10.  The implications for users of implementing Parliament's ICT strategy are explained in table 2 below:

Table 2: Implications of ICT strategy for users
Better customer service
1PICT Local, Commons Members Centre and x2001 service will still be provided.
2Members of the two Houses and their staff, as well as an increased proportion of Administration staff, will be able to choose the mix of equipment that suits their way of working including using their own devices instead of taking PICT provided devices.
3Users will be able to print on demand but overall there will be less printing and a rationalised portfolio of printers.
4Users will be able to access PICT's services online via a PICT service portal, which will offer users fast access to information about the services they have / can have from PICT in a single consolidated personalised view. The online PICT service portal will provide users with a single gateway to all PICT services, and allow them to interact with PICT's advisers through live feed or chat, and search a knowledge base through a user-friendly site.
Improved access to services
5Email will be provided by a cloud-based supplier, if the business case is approved by the two Houses in January 2013. If approved, 100% of email services will be cloud-hosted.
6Wireless internet will be available everywhere across the Parliamentary Estate.
7By April 2014 Members, their staff and House staff will be able to connect to the information and services they need from anywhere at any time and from any device.
8The shift towards cloud hosting will be greater than 80/20 in favour of the cloud, meaning fewer than 20% of Parliament's ICT services will be hosted on the premises.
9Office productivity tools (applications for viewing, creating and modifying general documents, such as spreadsheets, presentations, letters etc) will be cloud-hosted along with the associated file storage.
10Users will be able to launch their applications from any device via an online application portal.
11PICT will have the capability to integrate and consolidate data and applications using a common proven architecture, improving the availability, reliability and accuracy of data and reducing the length and cost of projects involving ICT that use those data and applications.
12There will be no customisation of non-bespoke applications.
13Voice over internet protocol (VoIP) may have replaced analogue reducing communication costs and increasing the flexibility of devices users can use to make calls and send messages.
Transformed PICT
14PICT will have increased ICT security and will operate a new set of ICT security standards and policies.
15PICT staff will have an increased understanding of Parliament and of its users.
Reduced costs
16From 2014/15 PICT will deliver £3 million of savings from its annual resource budget (House of Commons share).
17A significant proportion of those savings will come from reducing the number of posts in PICT, some of which have already been made by voluntary exit schemes.


Target net annual income: £3 million

11.  For many years the House has carried out revenue raising activities notably through catering, retail and visitor services.
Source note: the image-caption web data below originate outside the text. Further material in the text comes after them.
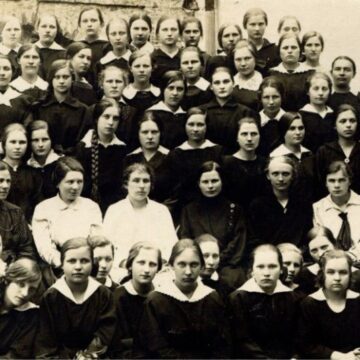 Lietuvos moterų kultūros draugijos veikla 1922-1940 metais Lietuvos moterų kultūros draugijos veikla 1922-1940 metais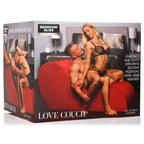 Bedroom Bliss Love Couch Sex Furniture Red XR Brands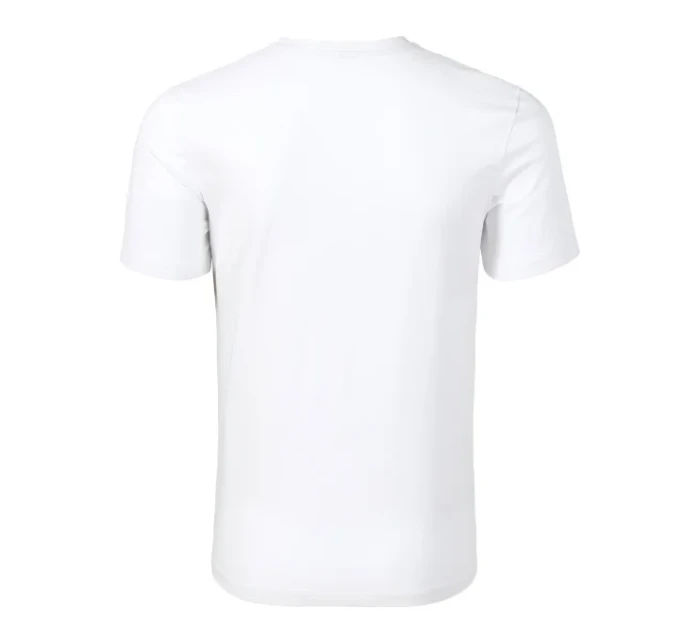 Tričko s výstrihom do V Action biele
These have been expanding in recent years, for example through Saturday opening for visitors.

12.  At its meeting in July 2012, the House of Commons Commission considered the Administration Committee's Report on Visitor Access and Facilities (HC 13 2012-13). The Commission agreed that there should be a clearer separation between Parliament as a working body and Parliament as a visitor attraction and agreed that the financial plans should be based on developing a number of activities for the House to operate more commercially as a visitor attraction. The issue of income generation was aired in the debate on the floor of the House on 15 March 2012 (HC Deb, cc400-430) on the question of charging for Clock [Elizabeth] Tower tours. The Administration Committee's report was debated in Westminster Hall on 4 September 2012.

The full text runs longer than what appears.